### Provided information
=== Section Start ===

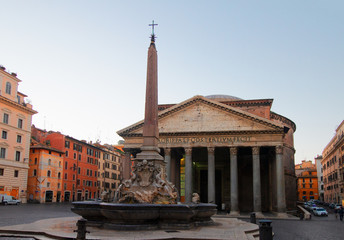 Fotomurales - Pantheon in Rome, Italy
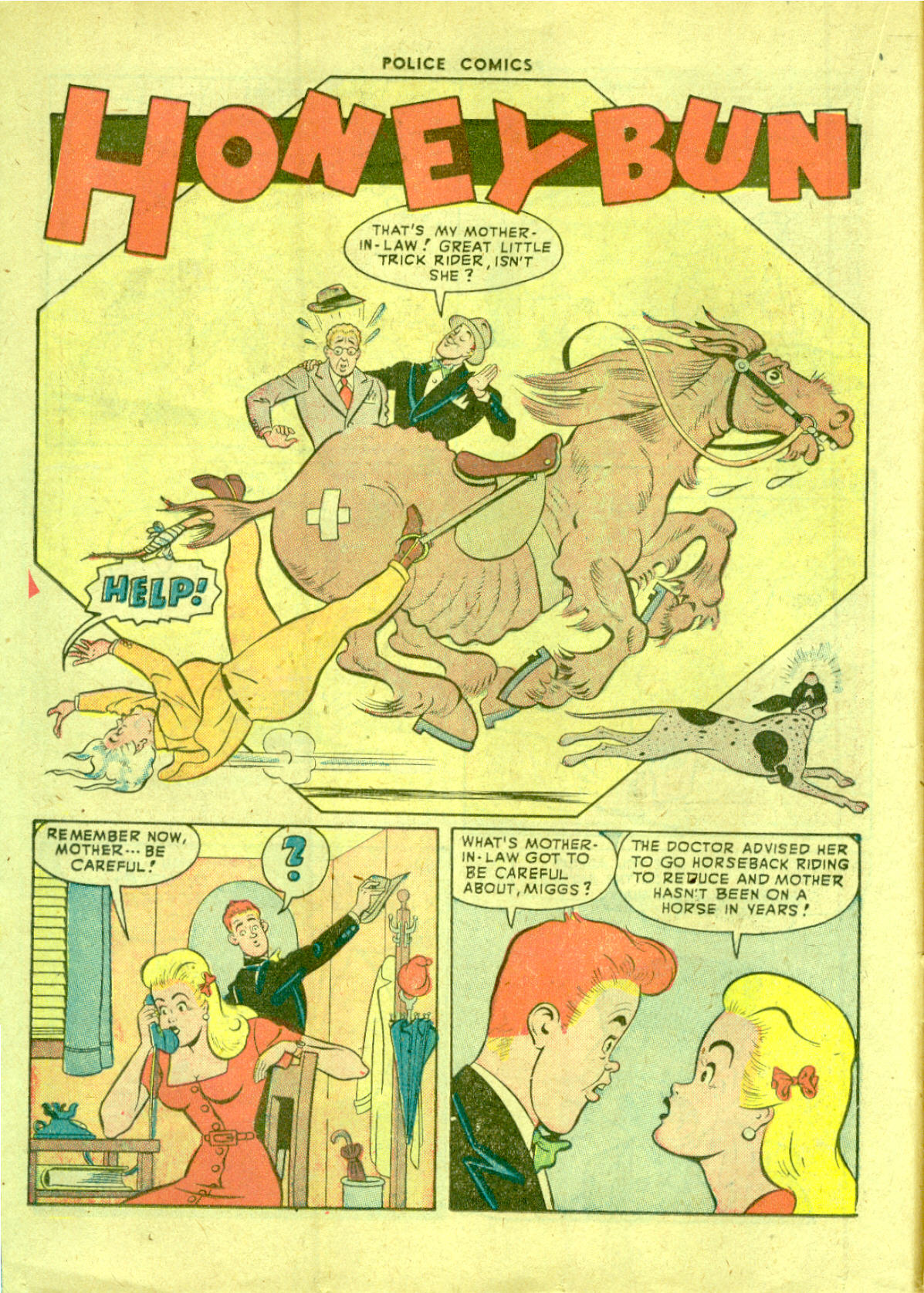 Read online Police Comics comic -  Issue #73 - 20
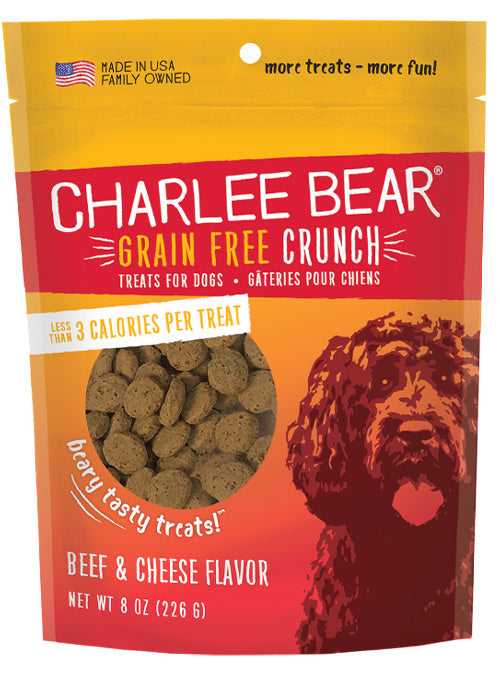 Charlee Bear Grain Free Crunch - Beef  & Cheese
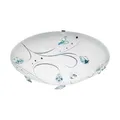 EGLO LED Deckenleuchte Sorrenta 1, 1 flammige Deckenlampe klassisch, Wohnzimmerlampe aus Metall, Glas mit Kristallen in Weiß, Schlafzimmerlampe, LED Flurlampe Decke neutralweiß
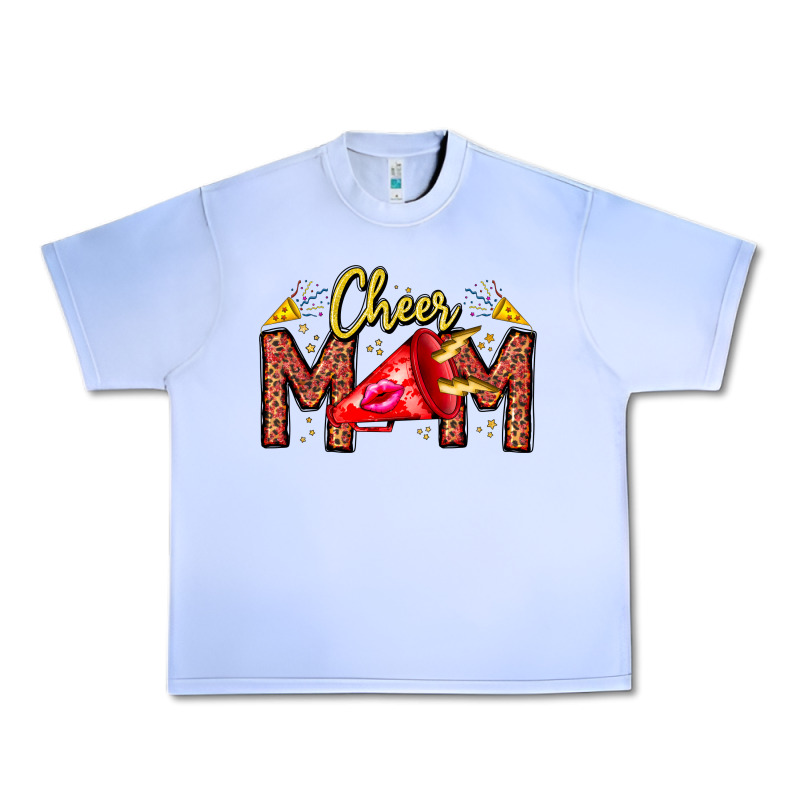 Cheer Mom Urban Heavy Tee by CowhideDigitalArt | Teevron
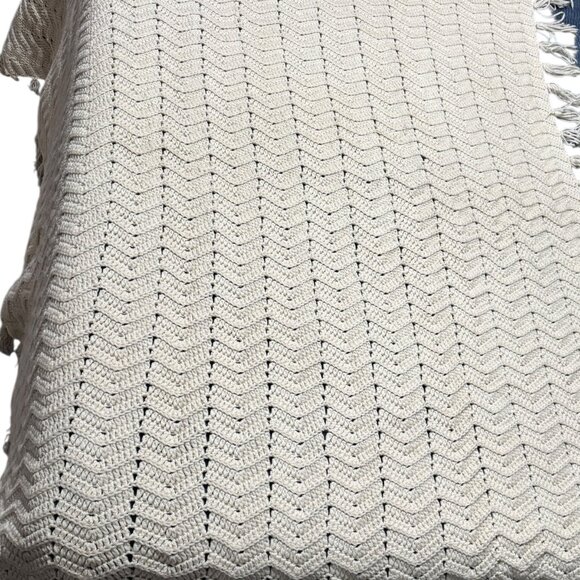 Knitted Throw - Picture 2 of 3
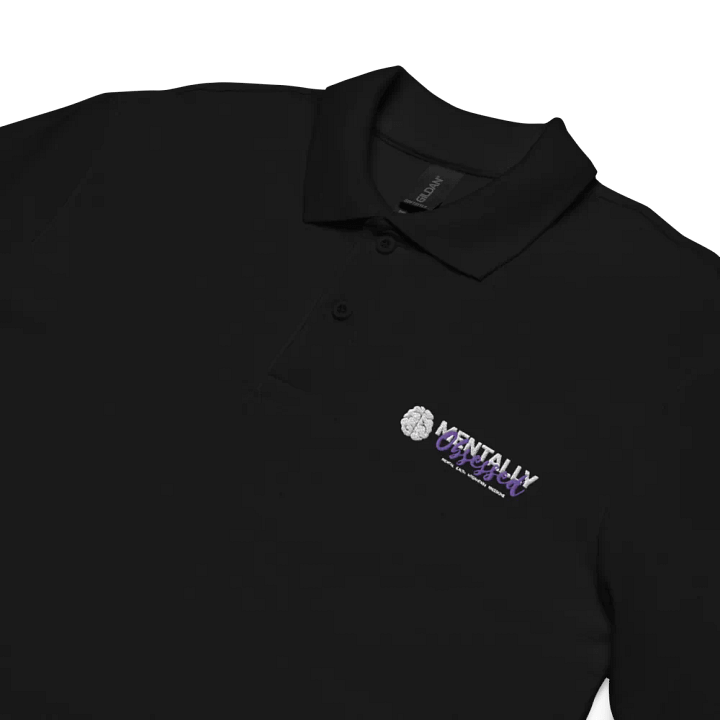 Black Mentally Obsessed polo shirt product image (2)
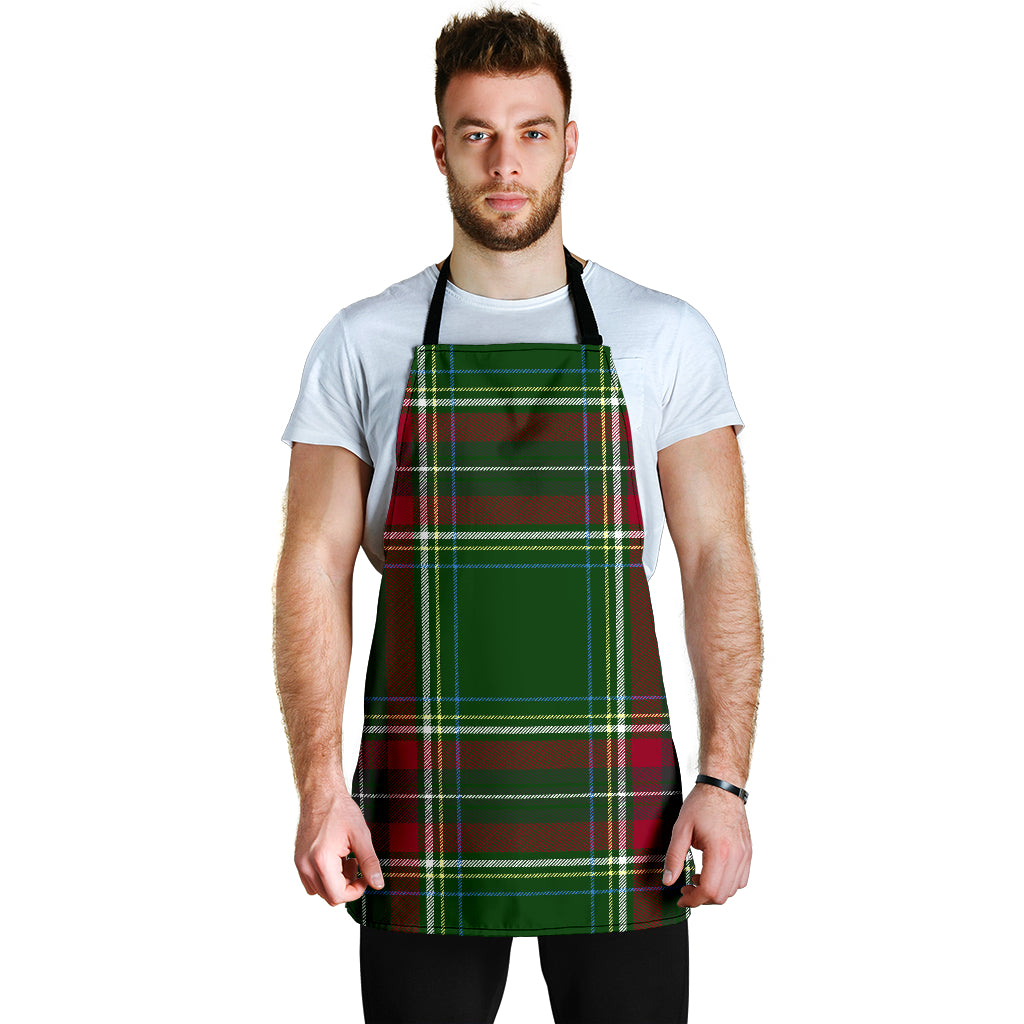 Christmas Apron- Mens Green and Red Plaid Style Apron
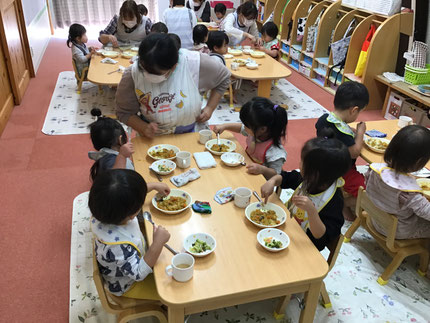 おかわりもたくさん食べていましたよ。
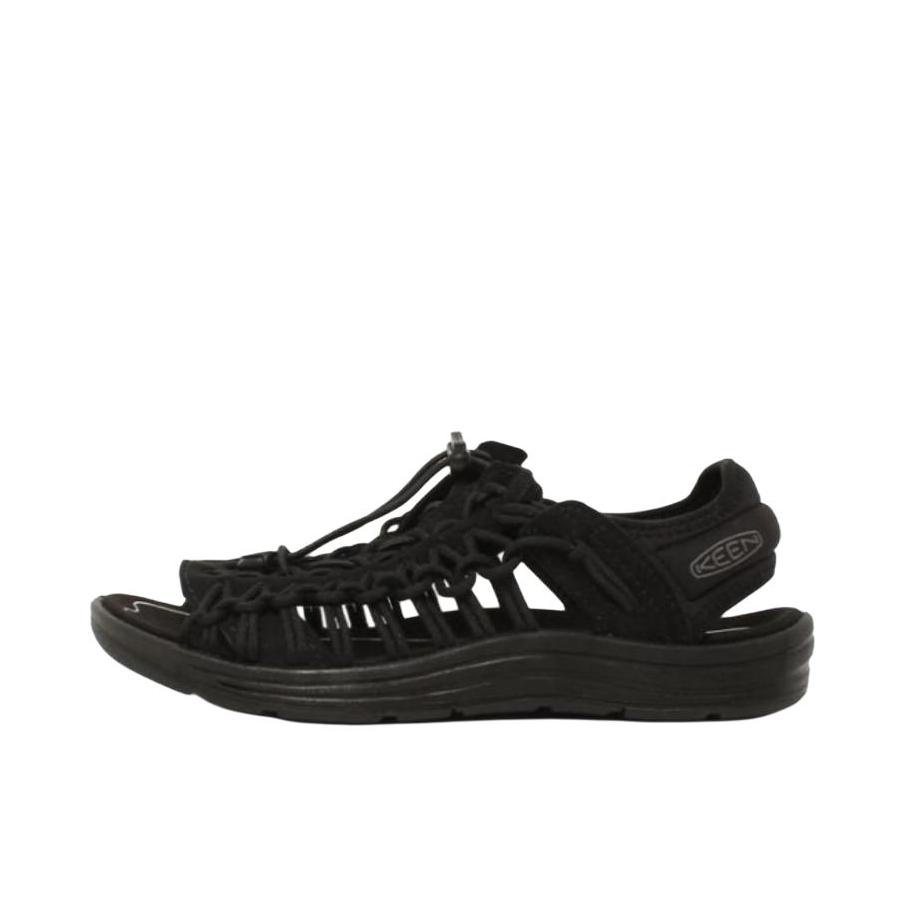 推荐商品：KEEN Uneek II OT 防滑 耐磨 潮流 抽绳 露趾 平跟 户外鞋 沙滩鞋 黑色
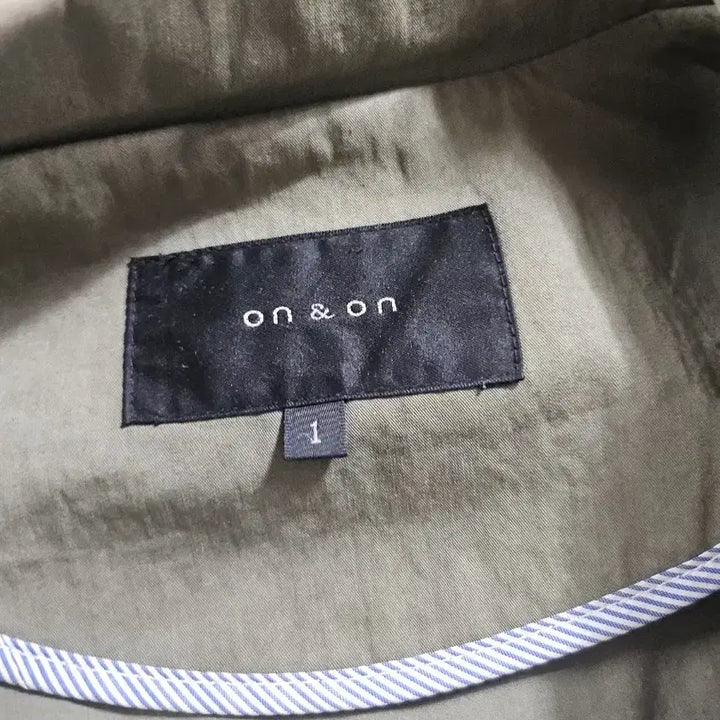 [BUNJANG] On&amp;On Khaki Green Field Jacket / on&amp;on 카키색 야상 스타일 자켓 1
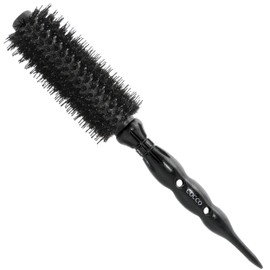 COCCO Black Series Ceramic Boar Brush S4, Hair Styling Brush with Dual Bristle Technology, Ceramic-Coated Barrel, Ergonomic Design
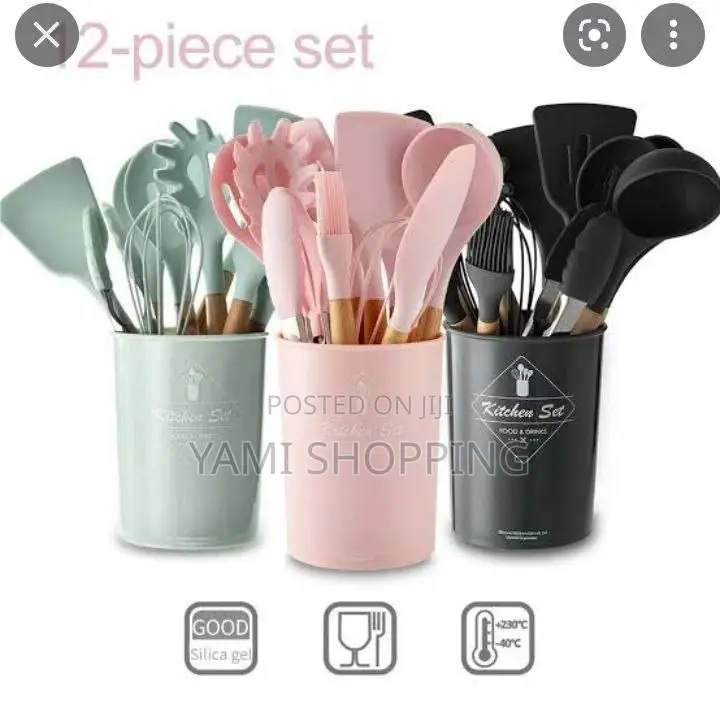 12pcs Silcone Kitchen Utensils Set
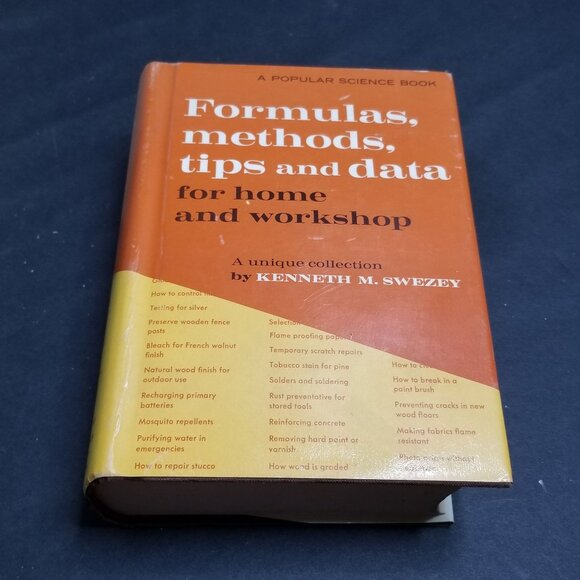 Formulas Methods Tips And Data For Home And Workshop By Kenneth M. Swezey - Picture 1 of 4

=== Section End ===

### Assigned task
Everything from the first line of the records through the line containing "Cheer Mom Urban" should be reproduced exactly, apart from the pictures.

### Reply
 Fotomurales - Pantheon in Rome, Italy
 Read online Police Comics comic -  Issue #73 - 20
 Charlee Bear Grain Free Crunch - Beef  & Cheese
 EGLO LED Deckenleuchte Sorrenta 1, 1 flammige Deckenlampe klassisch, Wohnzimmerlampe aus Metall, Glas mit Kristallen in Weiß, Schlafzimmerlampe, LED Flurlampe Decke neutralweiß
 Cheer Mom Urban Heavy Tee by CowhideDigitalArt | Teevron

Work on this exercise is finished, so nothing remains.